Believe it or not, there was actually a basketball game played here on Saturday evening. The fifth-ranked team in the country, the Syracuse Orange, ran all over an undersized, overmatched opponent, beating Colgate 92-47.
But the real story that swirled around this game and swallowed it whole was infinitely more important than anything as trivial as basketball. Though head coach Jim Boeheim kept trying to steer questions back to basketball at a packed postgame news conference, the game was the sidelight here. Depending on whom you asked, the real story was either a horrific story of a longtime assistant coach taking advantage of youngsters, engaging in sexual abuse and perhaps bringing down another top college program, or a just-as-horrific story about the character assassination of a good man based on lies and exploitation of the media.
Instead of being played out on a basketball court inside the Carrier Dome, the real story could be found in nearby Bridgeport, at the small suburban house of Bobby Davis on an unfinished cul-de-sac. Davis, a 39-year-old former Syracuse ball boy, this week told ESPN that Boeheim's longtime assistant coach, Bernie Fine, had sexually abused him for 16 years, starting in the seventh grade.
At Davis' house on Saturday, a friendly Weimaraner wagged its tail on the front porch and nuzzled a visitor. But nobody answered the door.
Instead of playing out before thousands of screaming students, the real story could be found at Fine's home an upscale enclave outside Syracuse called Limestone Heights. In the assistant coach's front yard, an orange and blue sign had appeared overnight: "We believe in your innocence Bernie, we love you!" The poster was signed by a dozen names.
An SUV was parked in the driveway. Fine's wife, Laurie, answered the door. She looked weary, as if a prisoner in her own home, but she managed to smile politely when she said, no, she did not want to talk about her husband's situation. After all, Fine had already released a statement, calling the charges "patently false in every aspect."
The real story could be found not on any basketball court but across the street from Fine's home, where Boeheim lives with his wife and children. A bit before noon, Boeheim pulled his SUV into the driveway. A CNN camera crew rushed toward him, but Boeheim scurried inside. He did not answer his door moments later. The message, it seemed, was that Boeheim -- who has staked his reputation on forcefully defending Fine, his assistant at Syracuse since 1976 -- had said all that he would say.
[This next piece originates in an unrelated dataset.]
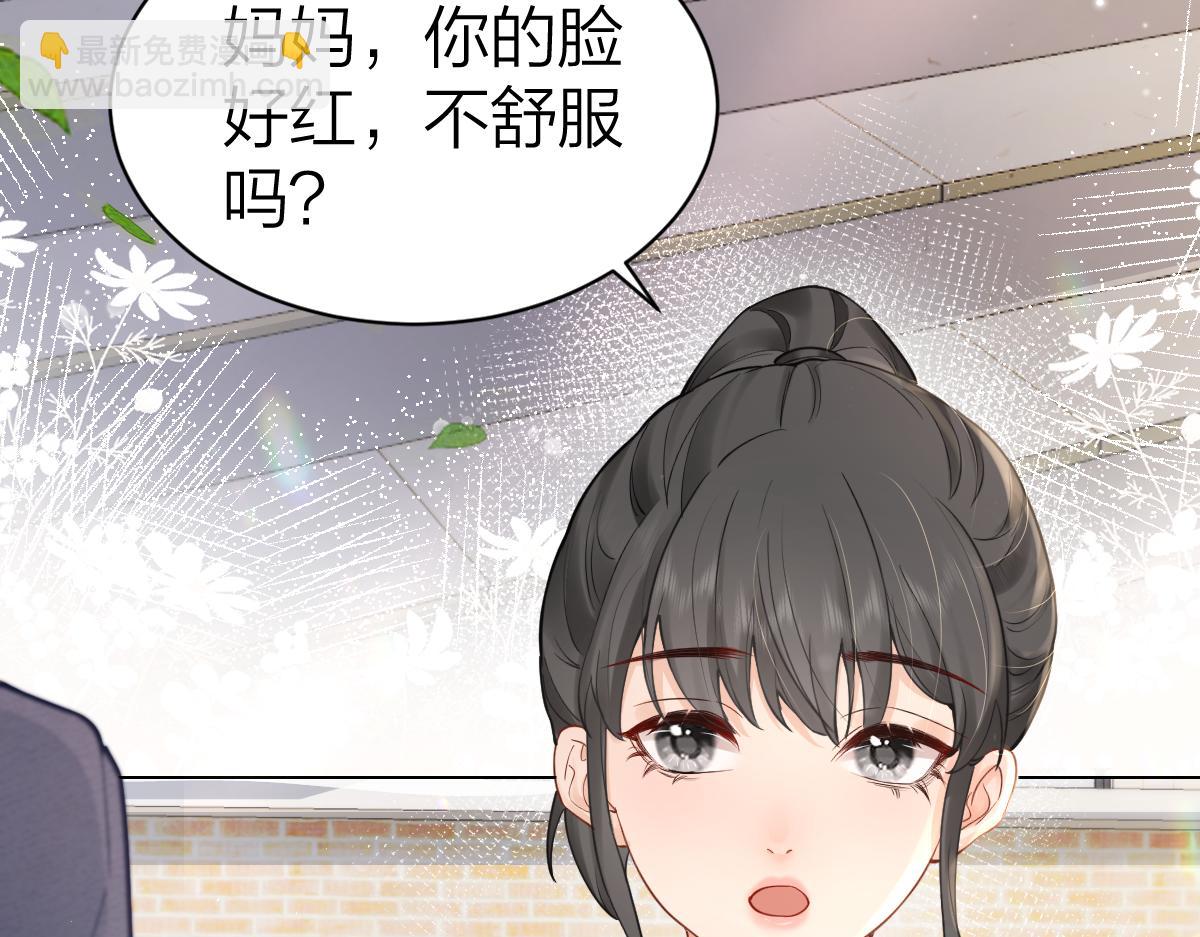 第3话 很巧~我住你对面(1/3)-第3话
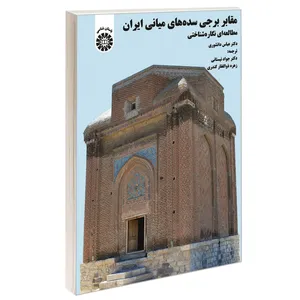 کتاب مقابر برجی سده‌ های میانی ایران مطالعه ای نگاره شناختی اثر دکتر عباس دانشوری نشر سمت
The real story could be found in the small upstate New York town of Constantia, the home of Davis' stepbrother, Mike Lang. Lang's corroborative story about also being sexually abused by Fine led ESPN to air its report, police to begin an investigation and Syracuse to put Fine on administrative leave. On the shores of Oneida Lake, townsfolk spoke about the sexual-abuse allegations as if they'd been the opening volleys of a civil war, pitting neighbor against neighbor, those who believe the stories of sexual abuse versus those who believe in the integrity of Fine and Syracuse basketball.
In this town, people kept coming into the Nice n Easy Grocery Shoppe, complaining that Syracuse's basketball season would be ruined. People spoke about Lang as a nice guy, though allegedly a heavy drinker. At Lang's house, nobody answered the door, but Syracuse memorabilia was all over: a jersey hanging in the window, stickers, a doll, a plush foam finger.
Down the street, Celia Richardson, who worked for Lang at his diner in town, said she'd been crying about the news. "His family is like family to me," she said, calling Lang "son." "He likes to party too much, but other than that, he's a good kid."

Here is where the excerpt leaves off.